#### Work required:
Please set down each entry exactly, omitting any picture it holds.

Stored dataset items:
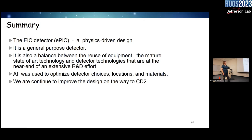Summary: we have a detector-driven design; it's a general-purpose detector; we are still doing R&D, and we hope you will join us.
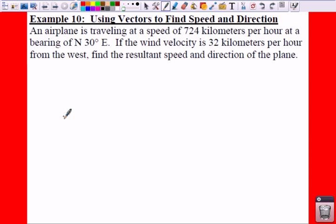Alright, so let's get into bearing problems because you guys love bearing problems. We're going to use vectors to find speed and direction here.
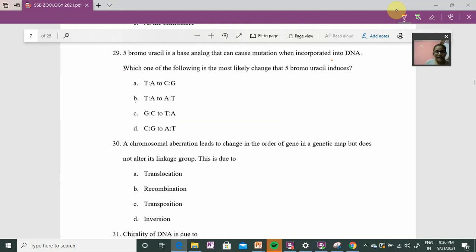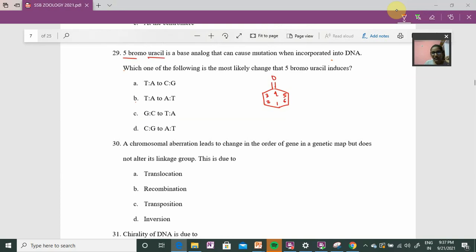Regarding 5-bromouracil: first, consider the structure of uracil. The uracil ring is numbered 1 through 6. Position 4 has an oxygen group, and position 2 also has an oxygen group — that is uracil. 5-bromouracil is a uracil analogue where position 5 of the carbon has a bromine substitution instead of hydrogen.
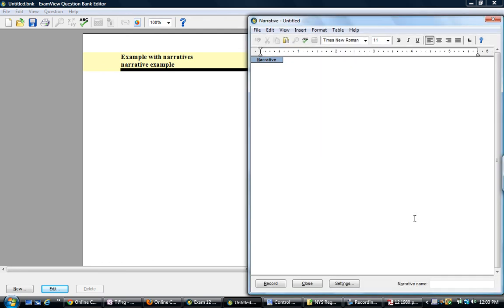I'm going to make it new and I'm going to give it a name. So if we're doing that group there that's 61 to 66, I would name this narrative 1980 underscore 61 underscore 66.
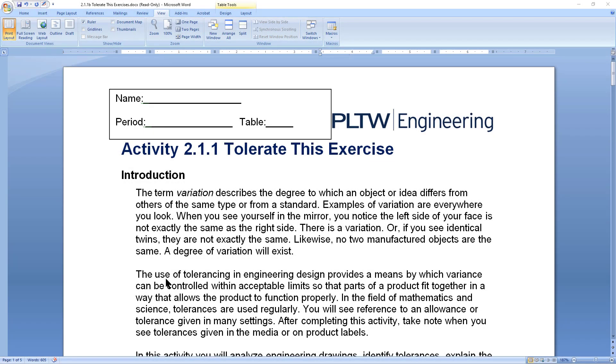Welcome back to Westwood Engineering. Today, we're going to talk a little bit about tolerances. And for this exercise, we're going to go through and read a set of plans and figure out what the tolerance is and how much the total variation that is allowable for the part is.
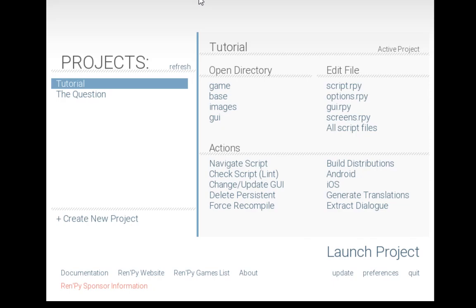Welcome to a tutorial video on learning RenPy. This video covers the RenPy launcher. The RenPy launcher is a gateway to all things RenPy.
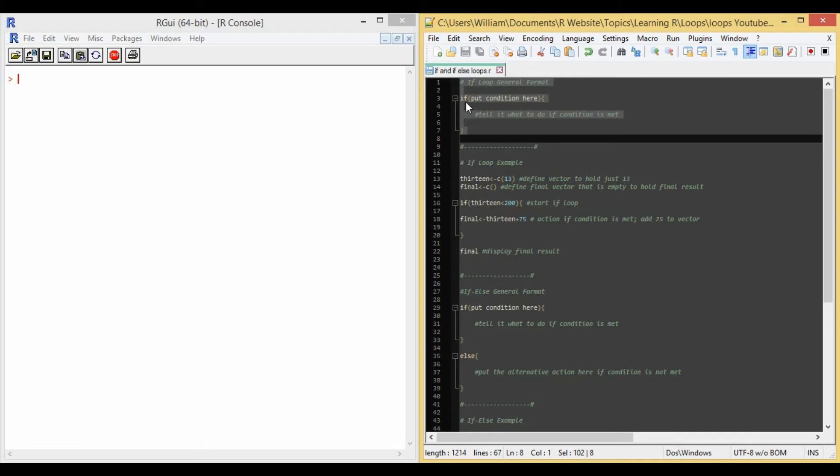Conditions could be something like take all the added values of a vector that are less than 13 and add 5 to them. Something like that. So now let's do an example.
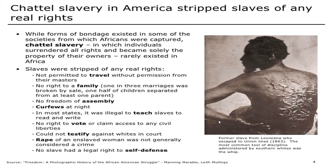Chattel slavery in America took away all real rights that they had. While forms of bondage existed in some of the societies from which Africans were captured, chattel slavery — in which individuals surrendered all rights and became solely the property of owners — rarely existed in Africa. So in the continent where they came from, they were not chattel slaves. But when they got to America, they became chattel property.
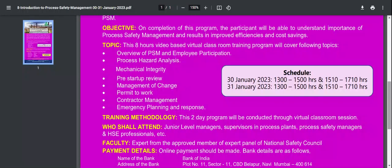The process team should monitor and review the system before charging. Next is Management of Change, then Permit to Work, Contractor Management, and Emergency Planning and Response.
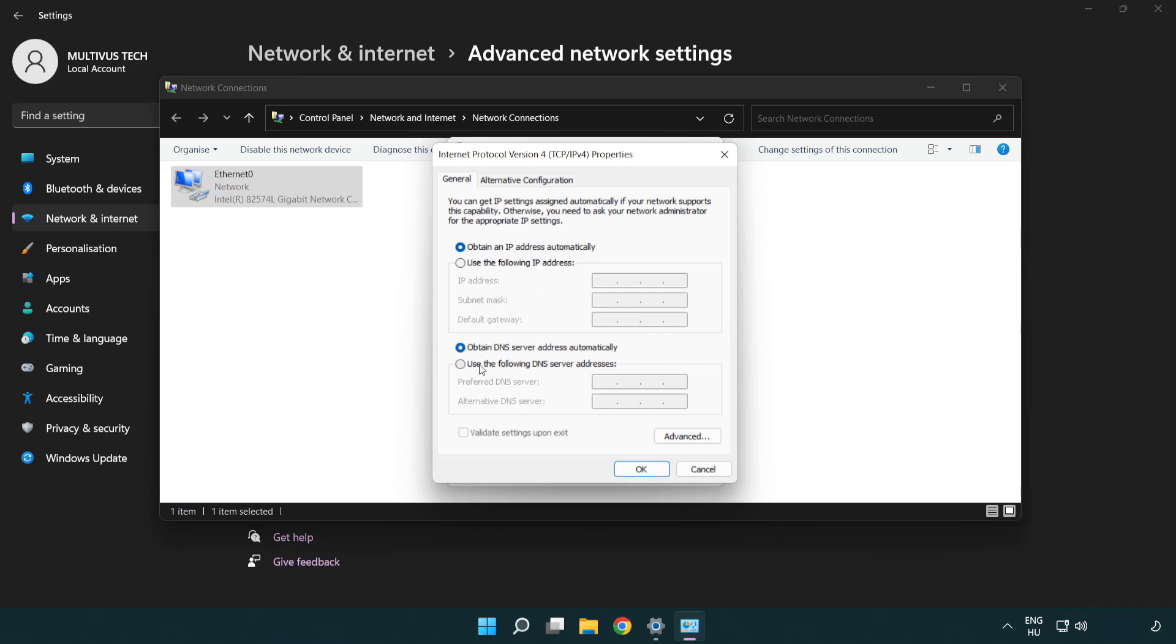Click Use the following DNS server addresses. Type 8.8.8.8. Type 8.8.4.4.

#### Written solution:
Summary: we have a detector-driven design; it's a general-purpose detector; we are still doing R&D, and we hope you will join us.
Alright, so let's get into bearing problems because you guys love bearing problems. We're going to use vectors to find speed and direction here.
Regarding 5-bromouracil: first, consider the structure of uracil. The uracil ring is numbered 1 through 6. Position 4 has an oxygen group, and position 2 also has an oxygen group — that is uracil. 5-bromouracil is a uracil analogue where position 5 of the carbon has a bromine substitution instead of hydrogen.
I'm going to make it new and I'm going to give it a name. So if we're doing that group there that's 61 to 66, I would name this narrative 1980 underscore 61 underscore 66.
Welcome back to Westwood Engineering. Today, we're going to talk a little bit about tolerances. And for this exercise, we're going to go through and read a set of plans and figure out what the tolerance is and how much the total variation that is allowable for the part is.
Welcome to a tutorial video on learning RenPy. This video covers the RenPy launcher. The RenPy launcher is a gateway to all things RenPy.
Conditions could be something like take all the added values of a vector that are less than 13 and add 5 to them. Something like that. So now let's do an example.
Chattel slavery in America took away all real rights that they had. While forms of bondage existed in some of the societies from which Africans were captured, chattel slavery — in which individuals surrendered all rights and became solely the property of owners — rarely existed in Africa. So in the continent where they came from, they were not chattel slaves. But when they got to America, they became chattel property.
The process team should monitor and review the system before charging. Next is Management of Change, then Permit to Work, Contractor Management, and Emergency Planning and Response.
Click Use the following DNS server addresses. Type 8.8.8.8. Type 8.8.4.4.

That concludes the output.